February 28, 2010

Review: Language and Communities in Early Modern Europe

What do the words 'infantry', 'tomato', 'cashew', 'sheikh', 'bank', 'cash', 'samba', 'vanguard', 'vast', 'antipathy', 'absurdity' and 'exaggerate' have in common in English? The common factor is that they were all brought into the language during the early modern ear. Infantry came in from English soldiers who mixed in a Spanish army with their Italian counterparts and originates in Italy. Tomato and Cashew were borrowings from the Spaniards who found the words in America. Bank and Cash originate in Italy and come from the merchants on Lombard street. Samba is an African word which came through Portugeese into English. Sheikh originated from English merchants who traded with the Levant in the sixteenth century. Vanguard comes from the French 'avant gard' an expression used in the army on the Rhine where English volunteers served. 'Vast' and 'Antipathy' were invented by William Shakespeare, 'absurdity' and 'exaggerate' by Sir Thomas More. Overall English, only one of the languages of Europe, took in over a thousand new expressions in the early modern period. German and Russian were similarly influenced from the outside as were French and Spanish.

Peter Burke's interest is in the structure and sociology of language across the period between the invention of printing and the French Revolution. He notes that there were massive changes in language. Latin retreated from its supremacy as a lingua franca in the Middle Ages to the study and the symposium- it did not retreat fully until the eighteenth century when treaties began to be written in French. It was replaced to some extent by Italian and French. In the church the vernaculars in the Protestant world were included in the Bible for the first time and the foundations of German and English were laid respectively in Luther and Cranmer's words. These languages were transmitted around the world- influencing the way that others spoke outside Europe and the generation of pidgins and creoles. The notable ones include the Portugeese influence on Africa, the English on the north and the Spanish on the south- many Brazilian words originate in Tupi and the rhythms of African English still reflects the structures of Yoruban dialects in Nigeria. Some of the creoles though are more surprising- on the shores of the Atlantic a language half way between Basque and Icelandic developed in the fishing communities that competed for space in the mid-north Atlantic.
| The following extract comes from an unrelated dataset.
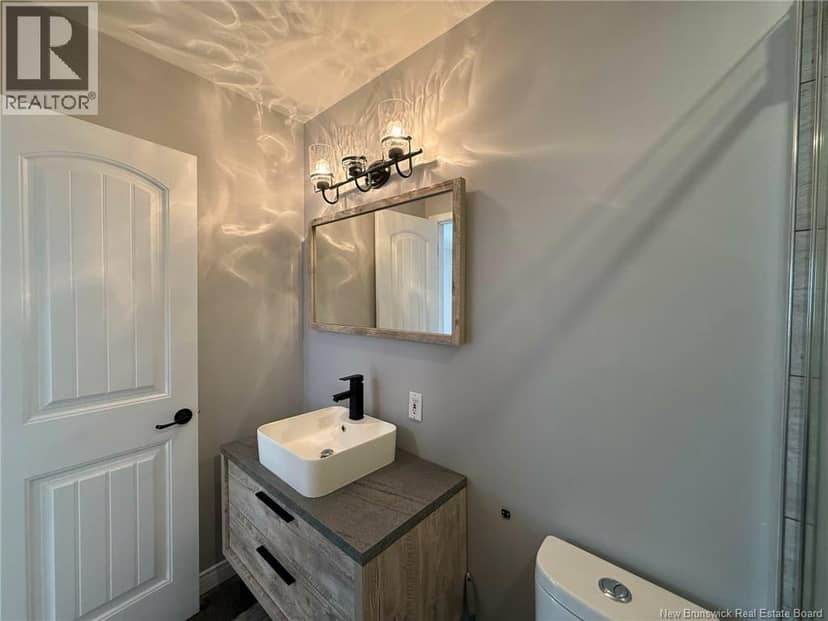 63 Premiere Avenue — photo 16 of 28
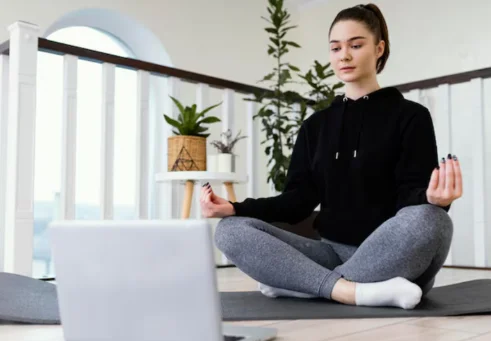 You can learn hypnotherapy from the comfort of your own home.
Burke's interest is in two ways that language changed. The first and surprising one is empire. People forget that Europe is a continent of Empires- from the English empire in Britain and the Castillian in Iberia through the French and German (Holy Roman) and thence into the Russian. Imperial languages gained as they were used for administration and non-imperial languages like Cornish or Polabian died away. The second large phenomenon into which the history of language was bound is the history of trans-national communities. The community of scholarship used latin- so the Republic of Letters was founded on the exchange of Latin pamphlets, and the use of Latin meant that in the early eighteenth century great scholars like Vico could communicate with others such as Jean Le Clerc. It facillitated the first learned journals from Bayle and Le Clerc which dominated intellectual life. Other communities evolved though- military communities in the thirty years war furthered the exchange of languages and mercentile communities swapped terms. Immigration like that from southern into Northern Netherlands changed the structures of Language- so Dutch gradually began to be influenced by the language spoken in Antwerp.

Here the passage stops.